- EXERCISE DETAILS
Every record below must be retyped exactly, with the pictures left out.

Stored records
* * * * * * * * *

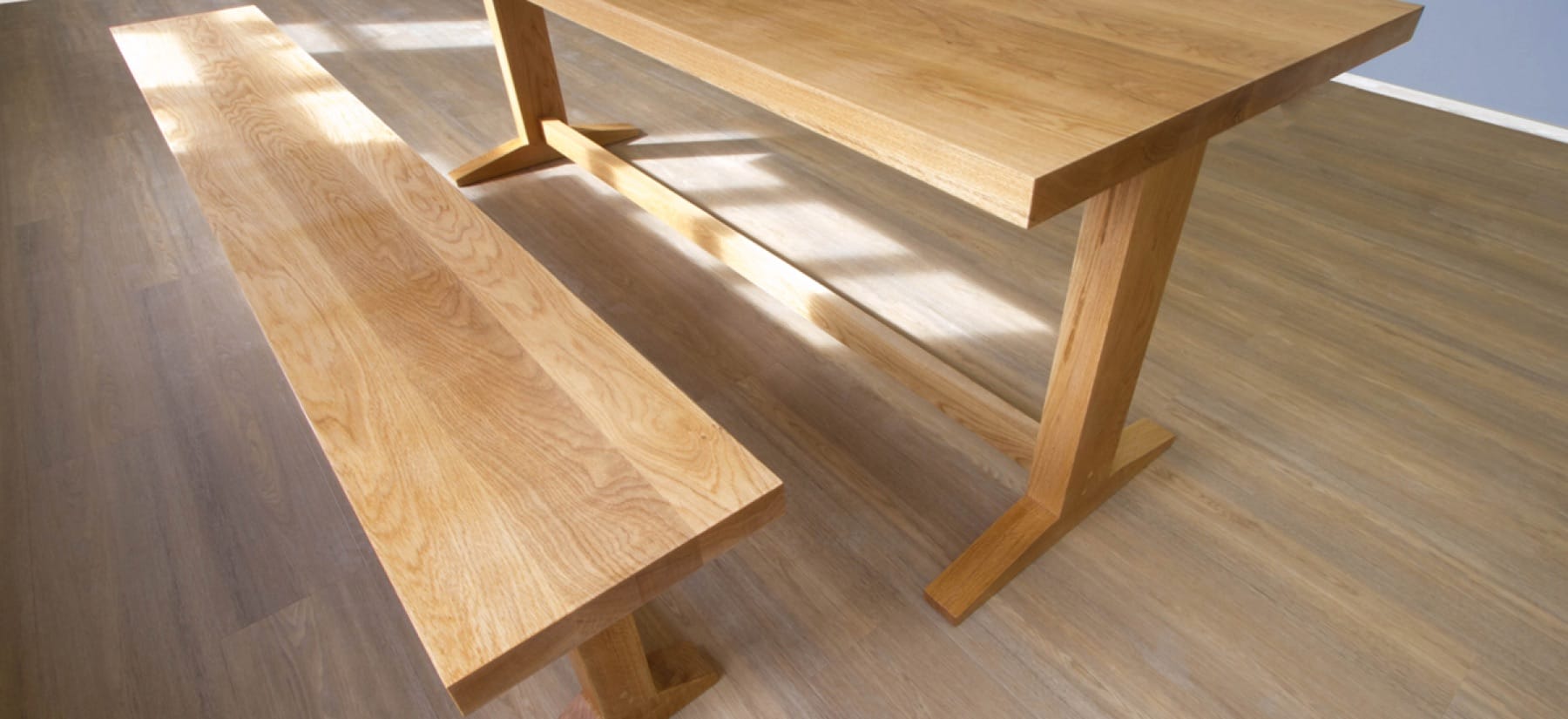 Nano-coated oak dining table and matching bench on a wooden floor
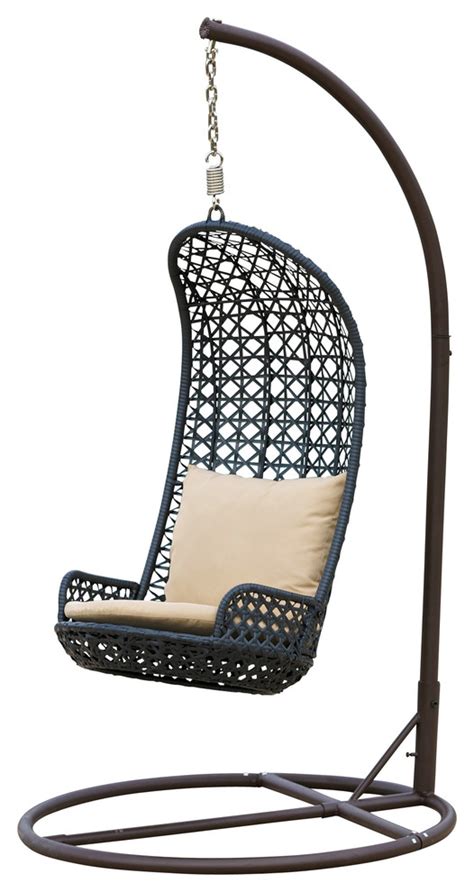 Suspend yourself within this cozy sheltered perch, complete with a tufted taupe cushion for the ultimate lounging experience. Brinkley Outdoor Brown Wicker Swinging Chair ...
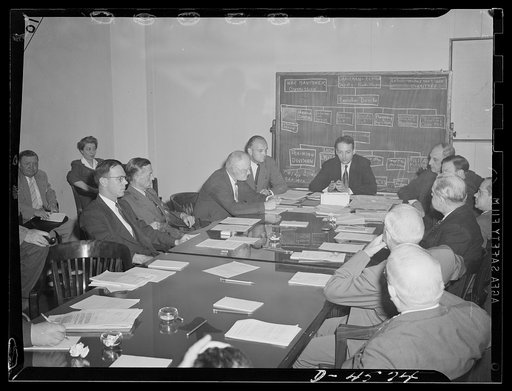 Management labor policy committee of the War Manpower Commission at its first meeting. Arthur S. Flemming, chariman of the committe, at far end of table is presiding. Seated to his left are the members representing management, and on his right representing labor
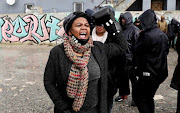 Community members of Philippi in the Western Cape march this year to a police station during a protest against gender-based violence. Seen here is activist Yonda Gebenga wearing a boxing glove.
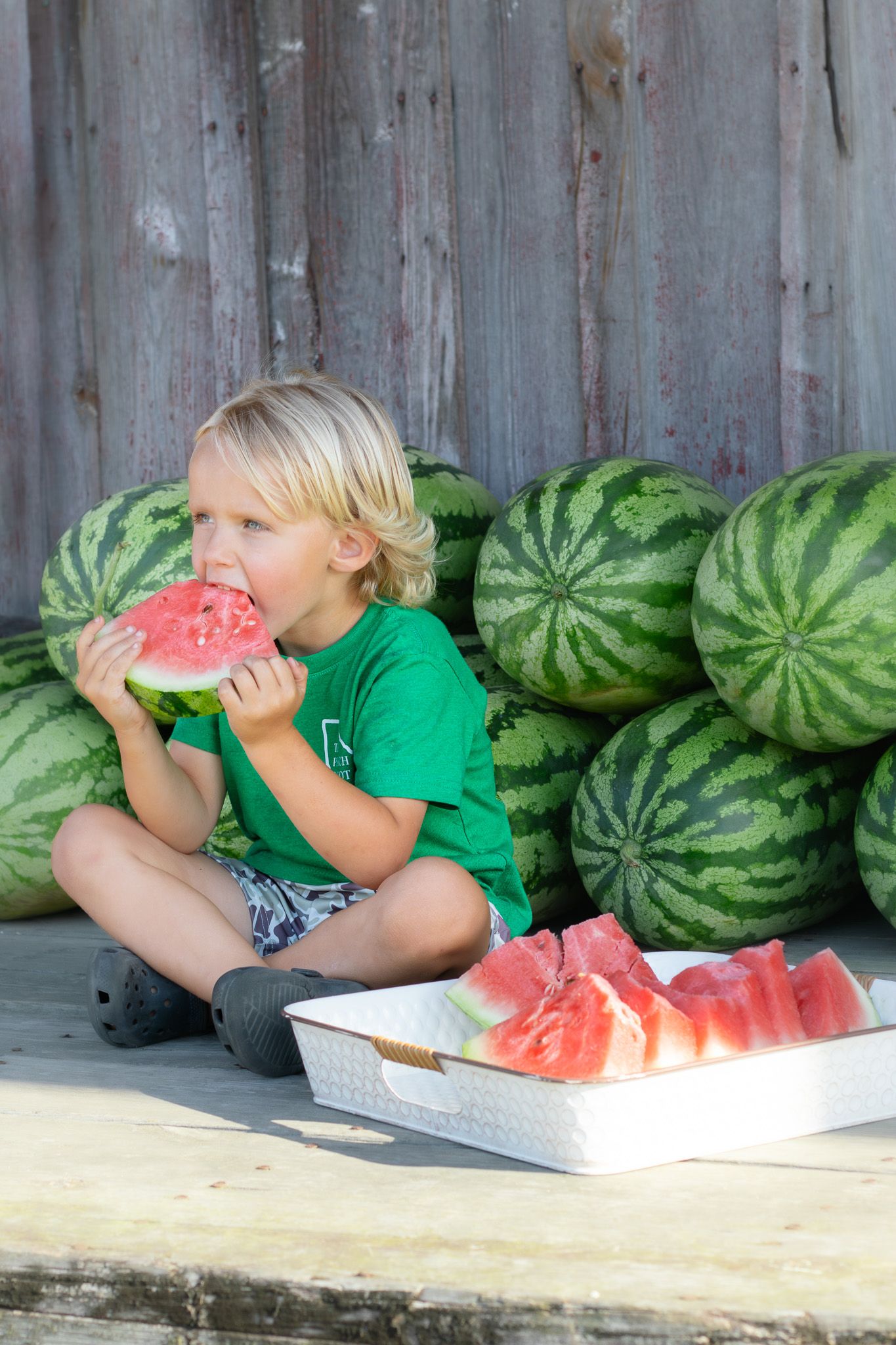Young blond boy in green shirt eating watermelon slice beside sliced watermelon tray with whole melons stacked behind him.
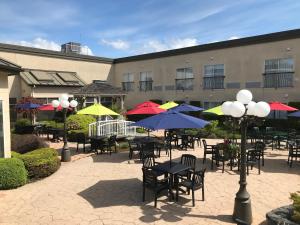 un patio con mesas, sillas y sombrillas en Powell River Town Centre Hotel, en Powell River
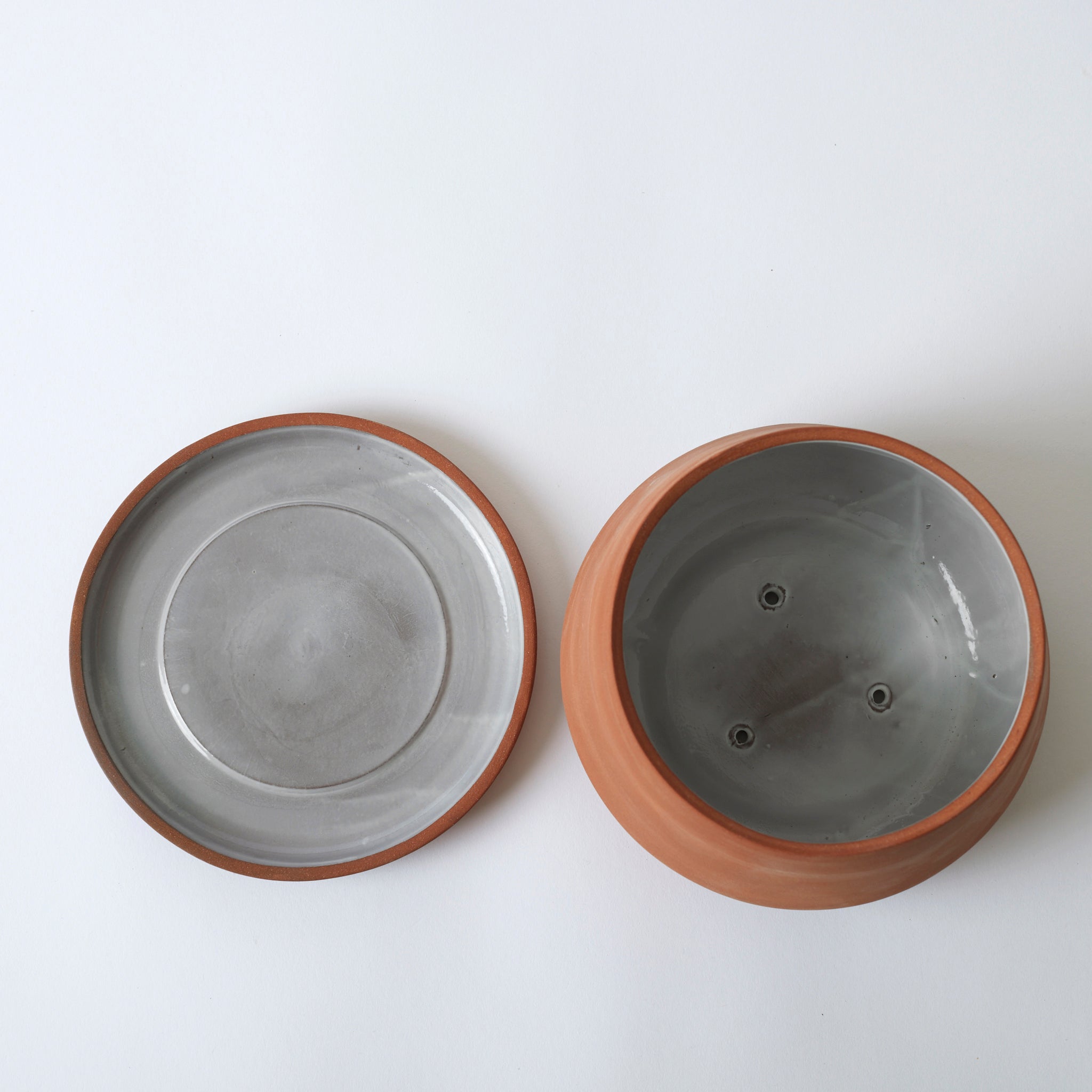 Aerial image of the terra cotta Rancho Planter. The inside of the pot is glazed, so it has a nice shine to it. The planter tray is also glazed on the inside.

* * * * * * * * *

- REPLY TO THE EXERCISE
 Nano-coated oak dining table and matching bench on a wooden floor
 Suspend yourself within this cozy sheltered perch, complete with a tufted taupe cushion for the ultimate lounging experience. Brinkley Outdoor Brown Wicker Swinging Chair ...
 Management labor policy committee of the War Manpower Commission at its first meeting. Arthur S. Flemming, chariman of the committe, at far end of table is presiding. Seated to his left are the members representing management, and on his right representing labor
 Community members of Philippi in the Western Cape march this year to a police station during a protest against gender-based violence. Seen here is activist Yonda Gebenga wearing a boxing glove.
Young blond boy in green shirt eating watermelon slice beside sliced watermelon tray with whole melons stacked behind him.
 un patio con mesas, sillas y sombrillas en Powell River Town Centre Hotel, en Powell River
 Aerial image of the terra cotta Rancho Planter. The inside of the pot is glazed, so it has a nice shine to it. The planter tray is also glazed on the inside.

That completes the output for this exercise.